The Entertainment Book is a region-specific coupon book sold throughout the country. It’s often sold as a part of a fundraiser, where you pay a bit more for the book, but the proceeds go to the school or charity you bought it from.
In July of 2008, my boyfriend ordered the 2008 Entertainment Book for us, and his roommates. We got a super deal – it ended up being like $5, including shipping. I know our savings added up to more than the $5 cost, but now we’re wondering – should we order the 2009 Entertainment Book now, at its higher early-year cost?
Factors to Consider
First of all, we won’t be in the Rochester area all year. The boyfriend is looking at jobs down near DC, and I’m looking at internships all across the northeast. So we’d have to be sure that we’d “earn our money back” by July.
Another question is, “Did we spend more last year because of the Entertainment Book?” Did we go to places we never would have, if it weren’t for the book? Did we overeat or overspend, because of the coupons? I believe the answer is, for us, no. We stuck to our usual ritual of eating out once per week, and we didn’t go out for entertainment more than usual.
The last factor is, of course, how much did we save last year? I wish we’d kept a log of the coupons we used, so that I could offer up 100% accurate statistics (and also, I’m a data junkie). But we didn’t. All I can go by is the expired 2008 Entertainment Book that’s in my hand, and add up the value of the missing coupons.
How Much We Saved in 2008
There were a total of five people taking coupons from our coupon book. Sharing with friends, relatives, and housemates can severely stretch the savings of the Entertainment Book, so I highly recommend sharing.
Here are the coupons that we used between July and November 1st, 2008:
Wild Noodles: Buy one entree, get a second free (BOGO). Estimated savings: ~$7.00
Chinese restaurant BOGO entree: ~$6.00
Three hamburger joint BOGOs: ~$12.00
Three pizza place coupons: ~$18.00
Moe’s Southwest grill: (no idea, roommate used it) Guess: >$3.00
Coldstone Creamery BOGO: ~$5.00
Two BOGO rounds of miniature golf: ~$6.00
Buy $10 in arcade tokens, get $10 free: $10
Total: about $67
Based on this, I’d say that the book is definitely worth purchasing at its full price of $30, but even better… the Rochester one is now on sale for $15 (plus $2.79 standard shipping). As I flipped through the book just now, I also saw coupons for places that I know we visited during that time span, but forgot to bring the book of coupons with us – there were even more savings to be had!
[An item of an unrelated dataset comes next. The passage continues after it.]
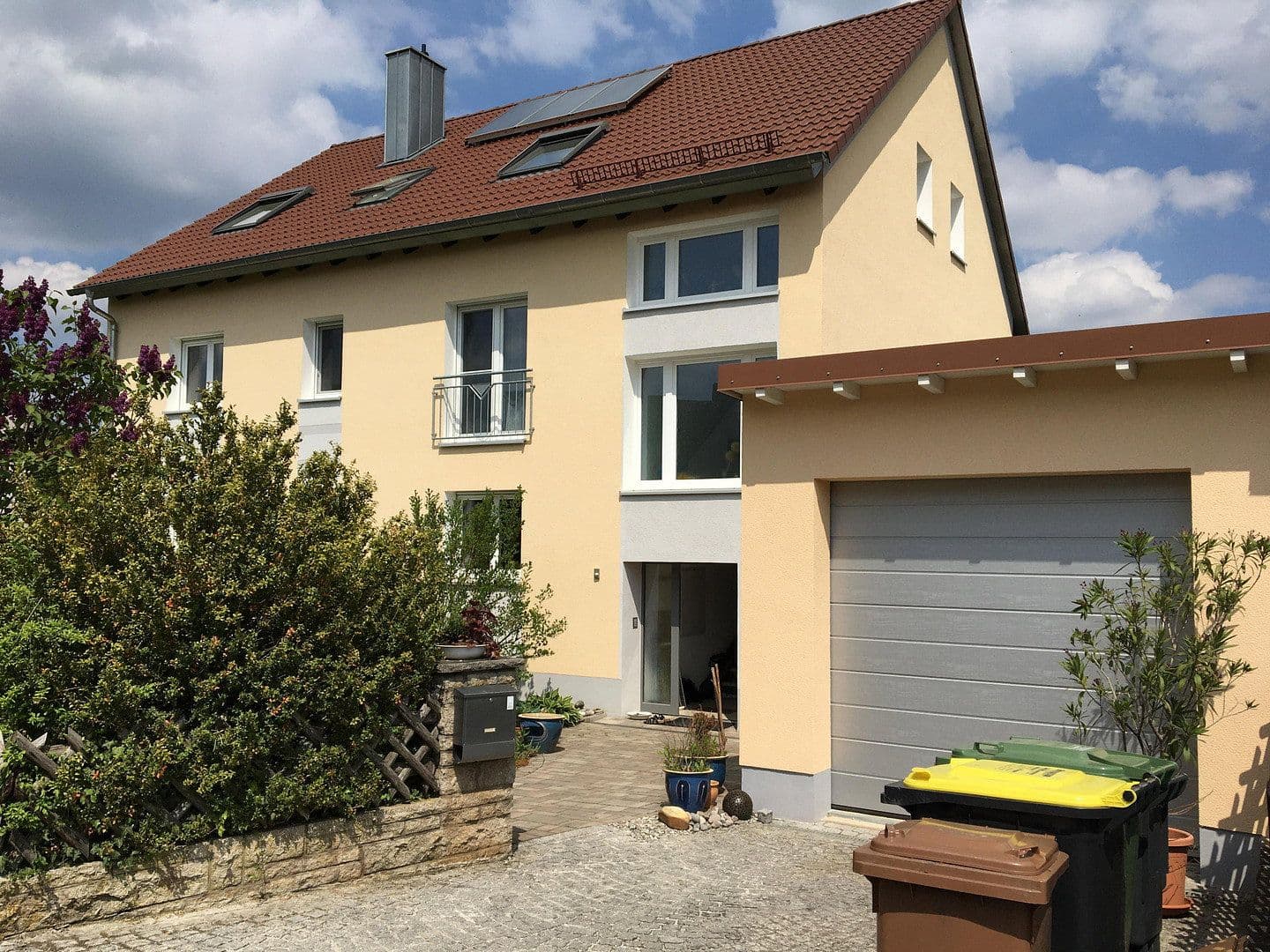 Prodej domu 271 m², pozemek 696 m², Roßtal, Bavorsko Prodej domu 271 m², pozemek 696 m², Roßtal, Bavorsko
Tips for Using the Entertainment Book to Save Money
- Books vary widely by area. Check the Entertainment Book website and make sure there are some coupons for places you actually want to go to in your area, before you buy.
- Flip through the book when you first get it, and pull out coupons for places you visit regularly. Keep these with you and make sure you use them!
- Let roommates or friends rifle through the book occasionally, but keep the book in your car most of the time. I can’t tell you how many coupons went unused simply because the book was at home!
- If you have this conversation a lot: “Where do you want to eat?” “I dunno, where do you want to eat?” (Repeat until end of time), then the book may help. If you’re anything like me, it will remind you of places you wanted to check out, or you’ll see super deals that inspire you to try a new place.
- Don’t eat somewhere just because you have a coupon, or because you feel like you should use more of the coupons in the book. Even with these coupons, most restaurants can’t compete with the price of a home-cooked meal.
- Check online for coupons, as well. The Entertainment Book has online coupons, and you should also look on the company website. Use the best coupon you have, regardless of its origin!
Do you use the Entertainment Book? How good is the one in your area? Any tips to share for getting even more bang for your buck out of the book?